Grossen politischen Fragen begegnet Suleiman mit ebenso grossem poetischem Humor. Unüberbrückbar geglaubte Konflikte und Spannungen stellt er dar, indem er ihre Absurdität ausleuchtet und dann entlarvt. Die klassische Burleske ist sein Genre. Zutiefst komische Aspekte formuliert er, ohne spöttisch zu werden. Beispielsweise Fragen nach der Heimat und nach der Fremde. Wer kann da wohl solche Fragen besser beantworten als ein Palästinenser – dessen Land eben Donald Trump für ein paar lumpige Millionen kaufen will? Wo endet da die Absurdität der Kunst? Wo beginnt die Absurdität der Politik? Der Film referiert darüber semibiografisch, persönlich und welthaft zugleich.

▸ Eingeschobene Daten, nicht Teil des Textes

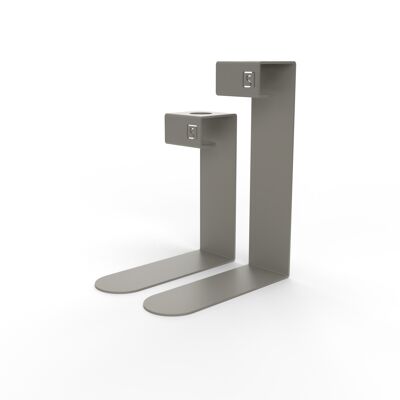 Candle Holder Mino Gray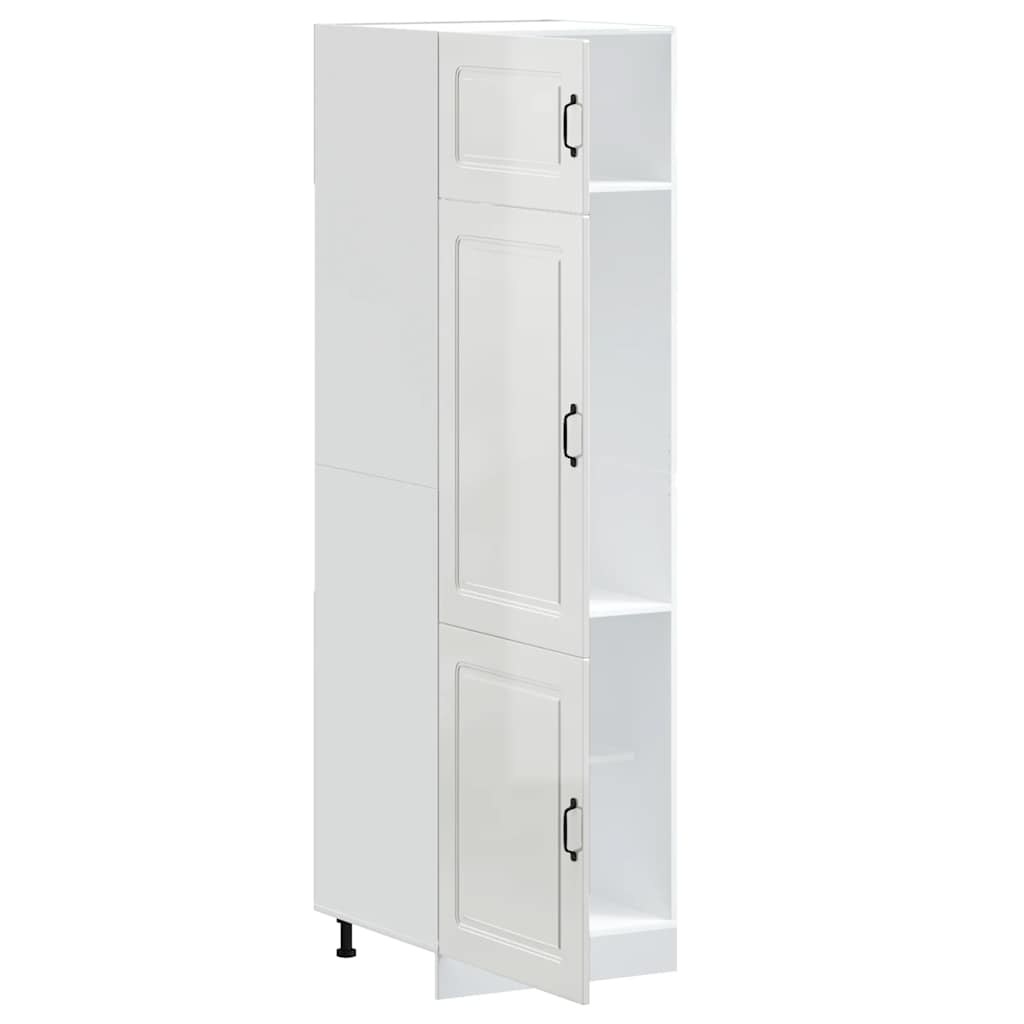 Ντουλάπι κουζίνας "Kalmar" High Gloss White Engineered Wood - Pakobazaar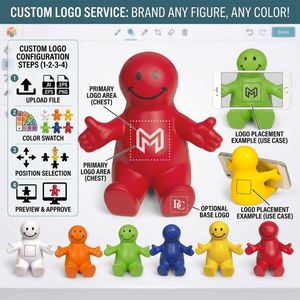Custom Logo Smiley Man Stress Ball and Phone Holder PU Squeeze Desktop Stand <b>for</b> Promotional <b>Gift</b> - Product Image 5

Aus einem Kommentar des Regisseurs
«It Must Be Heaven» zeigt alltägliche Situationen von Menschen überall auf der Welt, die in einem Klima von globaler geopolitischer Spannung leben. Die Gewalt am einen Ort gleicht der Gewalt am andern. Die Bilder und Geräusche, die das transportieren, werden überall verstanden. Heute gibt es überall auf Flughäfen und in Shoppingmalls Sicherheitskontrollen. Polizeisirenen und Alarmanlagen sind nicht nur gelegentlich zu hören, sondern bilden in den Städten eine permanente Klangkulisse. Durch die Massenmedien werden wir tagtäglich mit Worten und Bildern konfrontiert, die oft, ja meist falsch sind.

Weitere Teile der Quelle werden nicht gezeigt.